Slices
Slices are an incredibly important data structure in Go. They form the basis for how we manage and manipulate data in a flexible, performant and dynamic way. It is incredibly important for all Go programmers to learn how to uses slices.
- Slices are like dynamic arrays with special and built-in functionality.
- There is a difference between a slices length and capacity and they each service a purpose.
- Slices allow for multiple “views” of the same underlying array.
- Slices can grow through the use of the built-in function append.
Declare and length
slice1 := make([]string, 5)
slice1[0] = "Apple"
slice1[1] = "Orange"
slice1[2] = "Banana"
slice1[3] = "Grape"
slice1[4] = "Plum"
Create a slice with a length of 5 elements.
make
is a special built-in function that only works with slice, map and channel.
make
creates a slice that has an array of 5 strings behind it.
We are getting back a 3 word data structure:
- first word points to the backing array
- second word is length
- third word is capacity
// ------- -------------------------------
// | * | --> | nil | nil | nil | nil | nil |
// ------- |-----|-----|-----|-----|-----|
// | 5 | | 0 | 0 | 0 | 0 | 0 |
// ------- -------------------------------
// | 5 |
// -------
Length vs Capacity
Length is the number of elements from this pointer position we have access to (read and write).
Capacity is the total number of elements from this pointer position that exist in the backing array.
Syntactic sugar -> looks like array.
It also have the same cost that we’ve seen in array.
One thing to be mindful about: there is no value in the bracket []string
inside the make
function.

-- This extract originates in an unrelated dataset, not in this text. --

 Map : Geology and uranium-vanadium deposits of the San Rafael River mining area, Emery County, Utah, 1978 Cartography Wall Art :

With that in mind, we can constantly notice that we
are dealing with a slice, not array.
Reference types
fruits := make([]string, 5, 8)
fruits[0] = "Apple"
fruits[1] = "Orange"
fruits[2] = "Banana"
fruits[3] = "Grape"
fruits[4] = "Plum"
Create a slice with a length of 5 elements and a capacity of 8.
make
allows us to adjust the capacity directly on construction of this
initialization. What we end up having now is a 3 word data structure where the
first word points to an array of 8 elements, length is 5 and capacity is 8.

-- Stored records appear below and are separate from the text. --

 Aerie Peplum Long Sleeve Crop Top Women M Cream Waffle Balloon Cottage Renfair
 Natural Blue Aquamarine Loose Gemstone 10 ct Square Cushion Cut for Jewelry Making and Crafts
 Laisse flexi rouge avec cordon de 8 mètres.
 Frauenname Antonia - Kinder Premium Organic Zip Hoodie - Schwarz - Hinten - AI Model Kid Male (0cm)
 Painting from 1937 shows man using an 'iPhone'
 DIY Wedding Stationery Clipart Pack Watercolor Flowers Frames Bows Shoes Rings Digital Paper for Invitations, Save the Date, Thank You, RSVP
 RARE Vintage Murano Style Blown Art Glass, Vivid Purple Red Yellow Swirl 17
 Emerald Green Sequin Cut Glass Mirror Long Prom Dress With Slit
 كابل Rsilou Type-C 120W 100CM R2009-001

// ------- -------------------------------------------------
// | * | --> | nil | nil | nil | nil | nil | nil | nil | nil |
// ------- |-----|-----|-----|-----|-----|-----|-----|-----|
// | 5 | | 0 | 0 | 0 | 0 | 0 | 0 | 0 | 0 |
// ------- -------------------------------------------------
// | 8 |
// -------
It means that I can read and write to the first 5 elements and I have 3 elements of capacity that I can leverage later.
Appending Slices
The idea of appending: making slice a dynamic data structure.

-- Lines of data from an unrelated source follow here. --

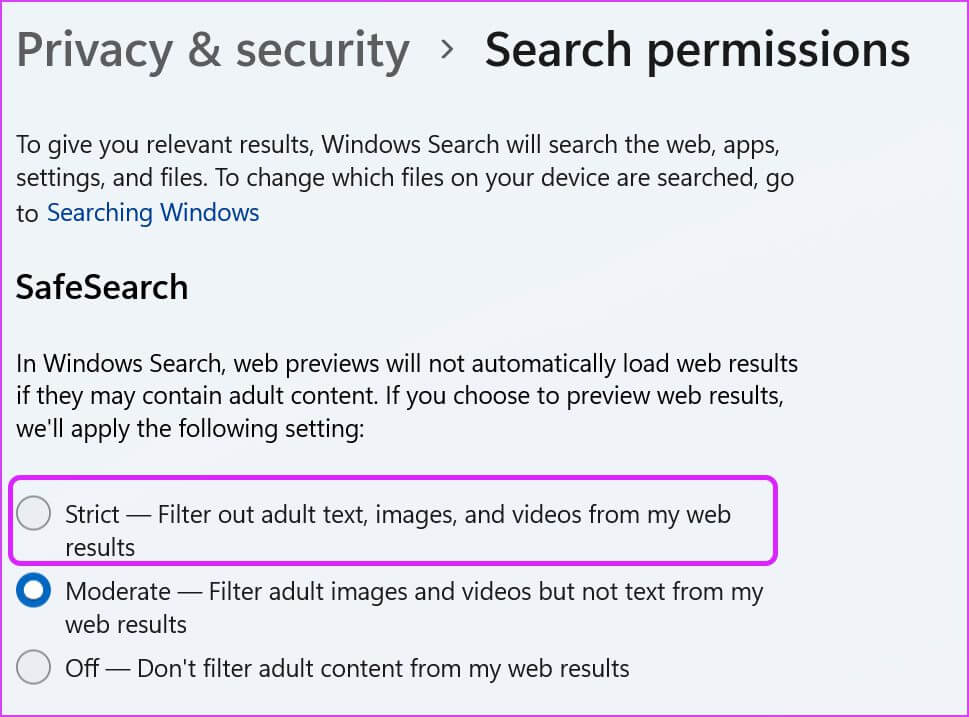 use-strict-filter-Disable-Web-Search-Results-from-Start-Menu-in-Windows-11 كيفية تعطيل نتائج بحث الويب من قائمة ابدأ في Windows 11
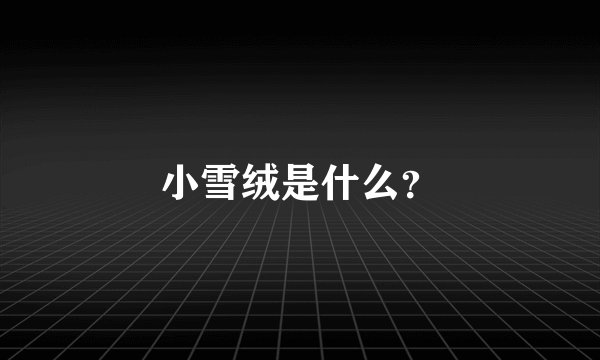 小雪绒是什么？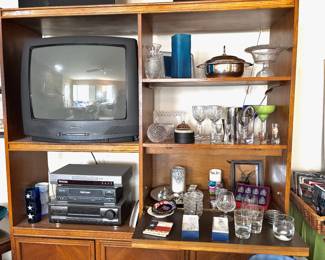 Samsung CD-DVD Player, Emerson Stereo, Technics Receiver, Barware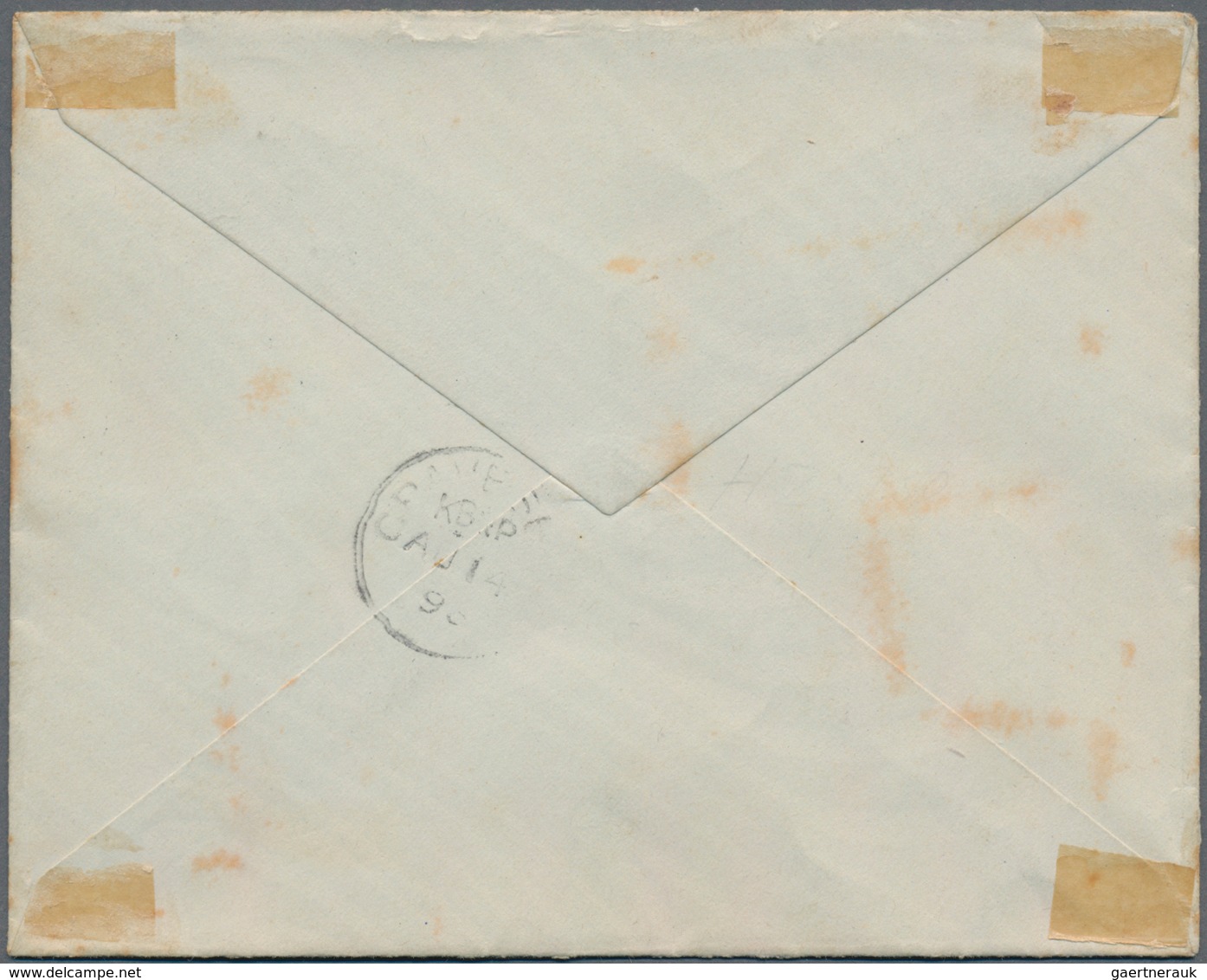 Samoa: 1895, Halving Of The 6 Pence Lilabraun (J-Davis-Privatpost) On Letter From Apia To England Wi - Samoa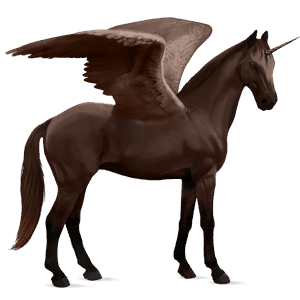 winged riding unicorn akhal-teke liver chestnut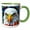 Green/White, variant on 3drose, Stunning Frontal Colorful Portrait of a Bald American Eagle Bird Gift, 11oz Mug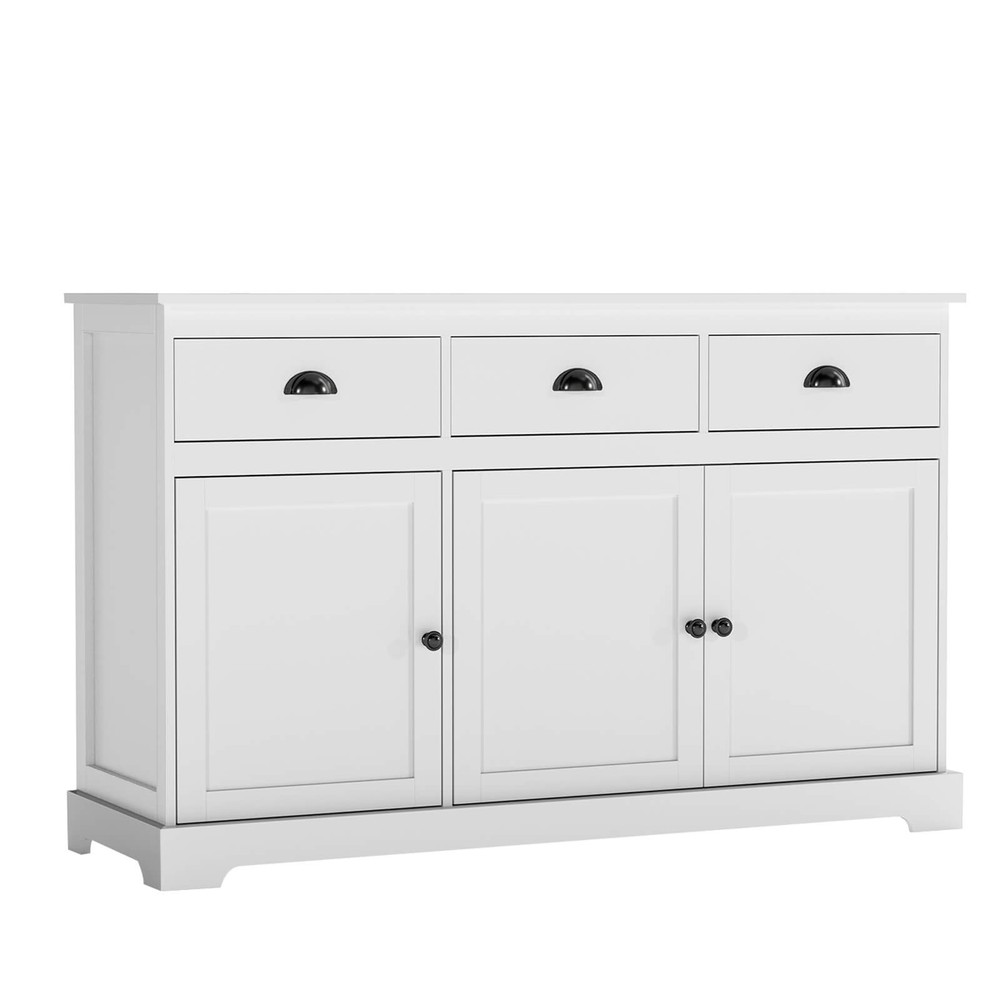 3 Drawers Sideboard Buffet Cabinet Console Table Kitchen Storage Cupboard White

// Declare a nil slice of strings, set to its zero value.
var data []string
This is a 3 word data structure: first one points to nil, second and last are zero.
Empty literal construction for a slice
What if I do data := string{}
? Is it the same? No, because data in this case
is not set to its zero value.
This is why we always use var for zero value because not every type when we create an empty literal we have its zero value in return. What actually happen here is that we have a slice but it has a pointer (as opposed to nil).
This is consider an empty slice, not a nil slice. There is a semantic between a nil slice and an empty slice.
Remember: when it comes to a reference type, any time a reference type is set to its zero value, we consider it to be nil, interfaces, channels, maps, slices, functions.
If we pass a nil slice to a marshal function, we get back a string that said null but when we pass an empty slice, we get an empty JSON document. But where does that pointer point to? It is an empty struct, which we will review later.
var data []string
// Capture the capacity of the slice.
lastCap := cap(data)
// Append ~100k strings to the slice.
for record := 1; record <= 1e5; record++ {
// Use the built-in function append to add to the slice.
value := fmt.Sprintf("Rec: %d", record)
data = append(data, value)
// When the capacity of the slice changes, display the changes.
if lastCap != cap(data) {
// Calculate the percent of change.
capChg := float64(cap(data)-lastCap) / float64(lastCap) * 100
// Save the new values for capacity.
lastCap = cap(data)
// Display the results.
fmt.Printf("Addr[%p]\tIndex[%d]\t\tCap[%d - %2.f%%]\n",
&data[0],
record,
cap(data),
capChg)
}
}
append
allows us to add value to a slice, making the data structure dynamic,
yet still allows us to use that contiguous block of memory that gives us the
predictable access pattern from mechanical sympathy. The append call is working
with value semantic. Notice that append does mutate. But we’re not using
pointers. We are not sharing this slice but appending to it and returning a
new copy of it. The slice gets to stay on the stack, not heap.
What is memory leak in Go
A memory leak in Go is when you maintain a reference to a value in the heap, and that reference never goes away. This is complicated because you can’t instrument for memory leak when it’s reference based. Who is to say that reference is or isn’t supposed to be there at any given time. So, if you think you have a memory leak, which is the only way to look at the GC trace. Is the memory going up on every garbage collection? And if it is, we have our memory leak.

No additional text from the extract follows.